Given records Block Start

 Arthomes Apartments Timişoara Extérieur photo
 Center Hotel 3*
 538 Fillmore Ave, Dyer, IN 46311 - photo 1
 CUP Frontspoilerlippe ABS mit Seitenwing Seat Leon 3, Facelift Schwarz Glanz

Given records Block End
Given records Block Start

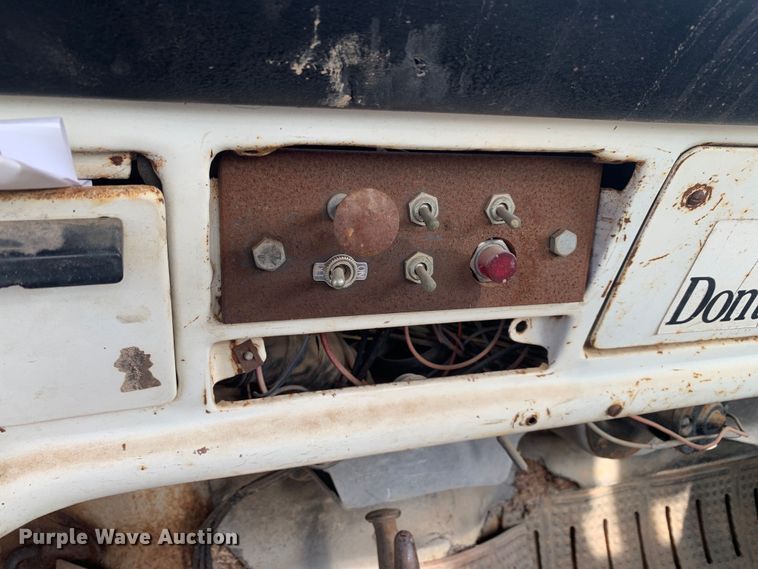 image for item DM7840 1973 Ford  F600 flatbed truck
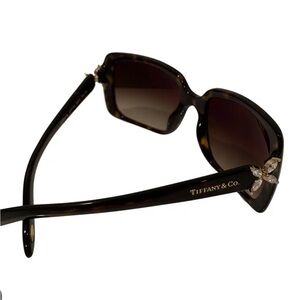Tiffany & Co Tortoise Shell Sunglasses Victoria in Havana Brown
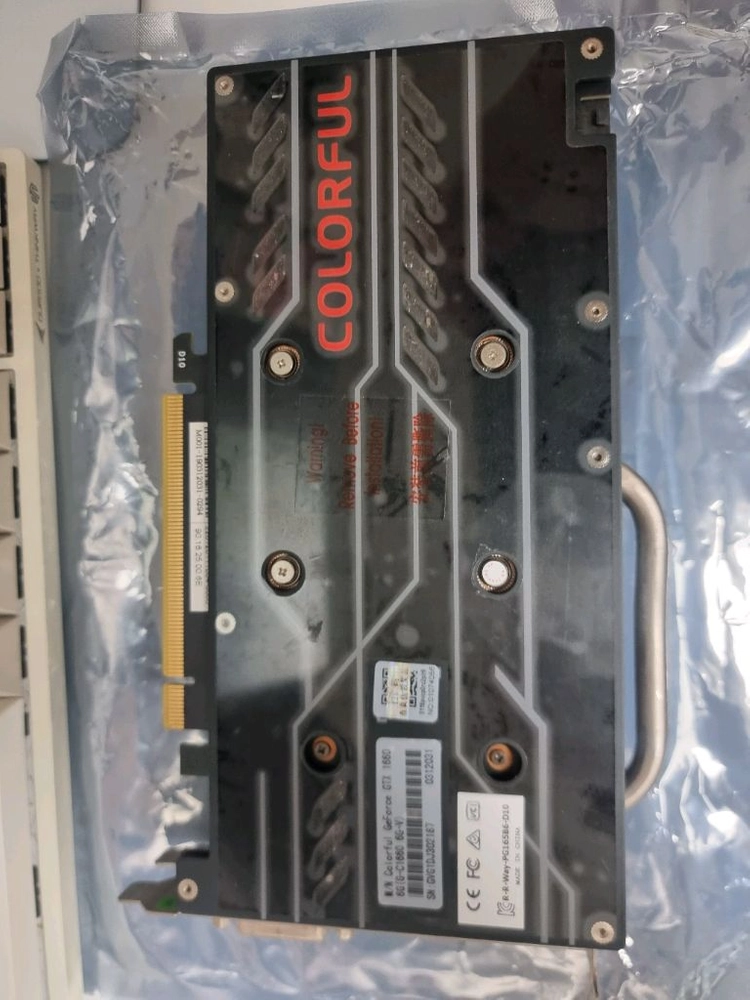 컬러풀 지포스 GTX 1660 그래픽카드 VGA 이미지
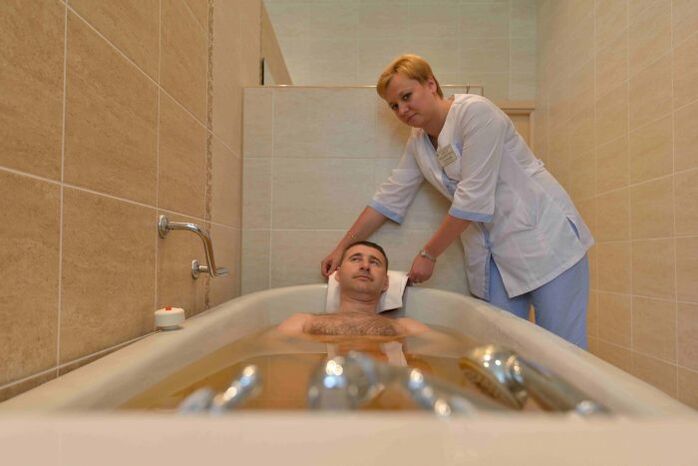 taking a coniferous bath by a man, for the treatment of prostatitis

Given records Block End

- **What to produce**: From the records above, copy exactly the lines starting at the one with "image for item" and ending at the one with "taking a coniferous", and no others. Pictures stay out.

- **Reply**:
 image for item DM7840 1973 Ford  F600 flatbed truck
Tiffany & Co Tortoise Shell Sunglasses Victoria in Havana Brown
 컬러풀 지포스 GTX 1660 그래픽카드 VGA 이미지
 taking a coniferous bath by a man, for the treatment of prostatitis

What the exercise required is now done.